::: EXERCISE MATERIAL :::

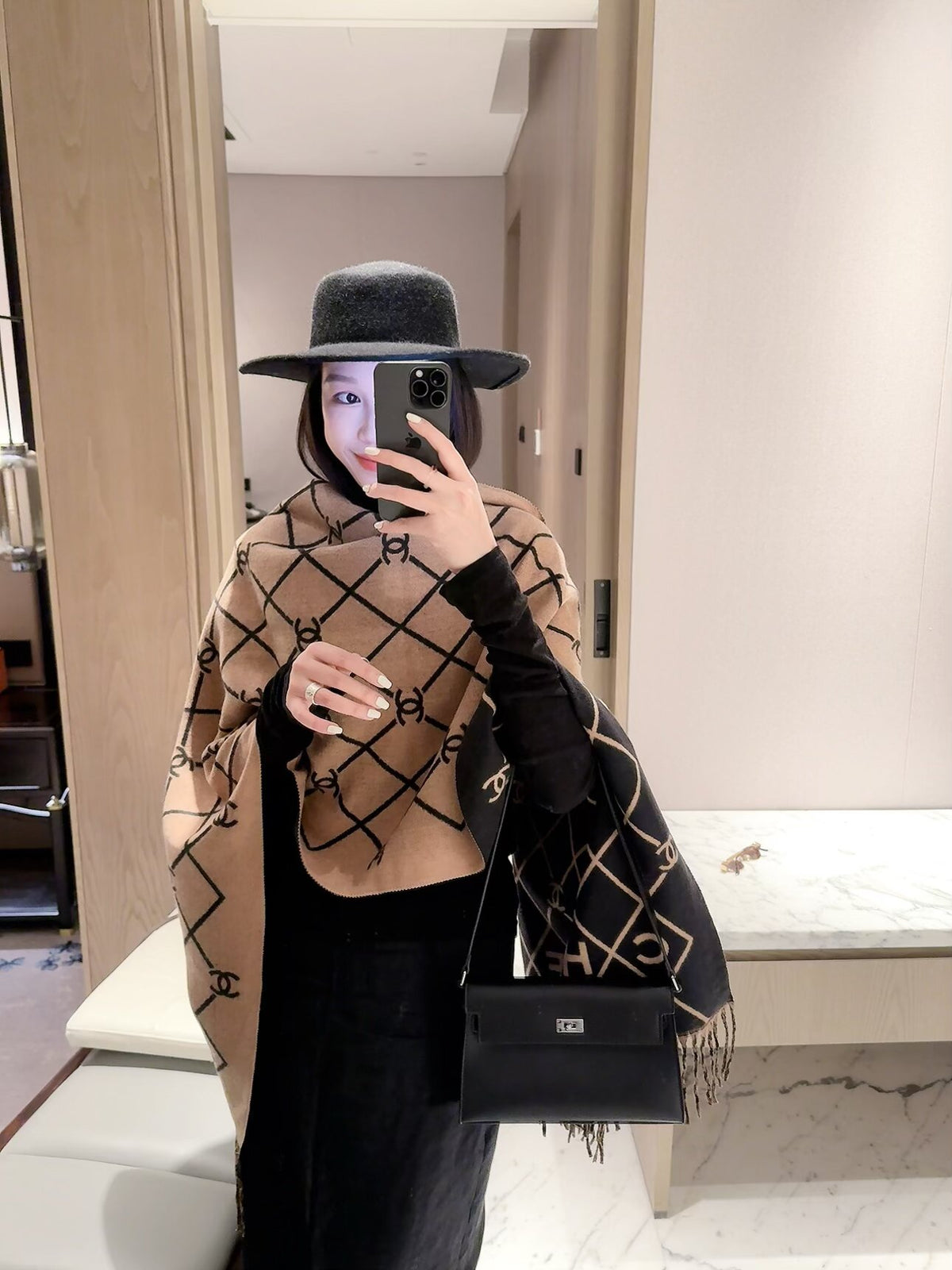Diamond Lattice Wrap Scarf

:::
::: EXERCISE MATERIAL :::

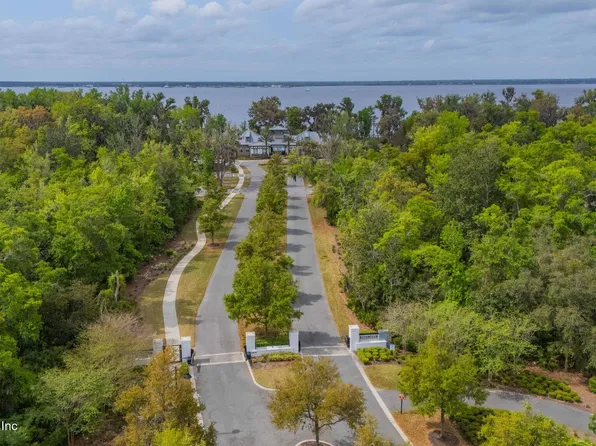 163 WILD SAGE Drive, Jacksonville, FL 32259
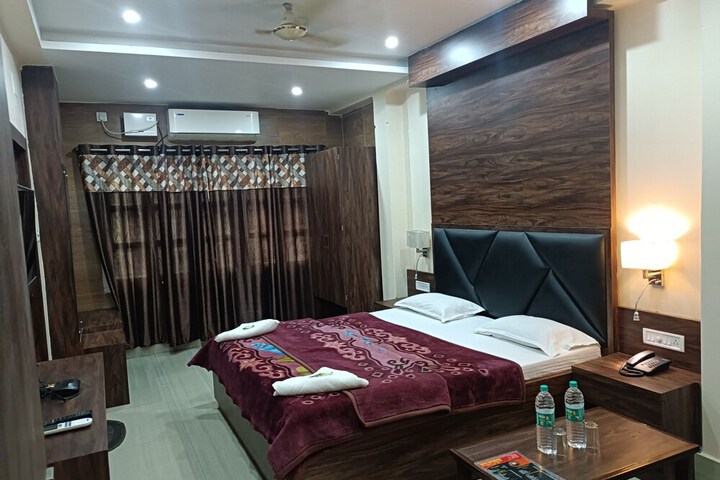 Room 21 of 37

:::

> **TO DO**: Return word for word the lines of the listing above, starting at the line with "163 WILD SAGE Drive, Jacksonville, FL 32259" and ending at the line with "Room 21 of 37", both included. Pictures do not belong in the copy.

> **SOLUTION TO THIS PROBLEM**:
 163 WILD SAGE Drive, Jacksonville, FL 32259
 Room 21 of 37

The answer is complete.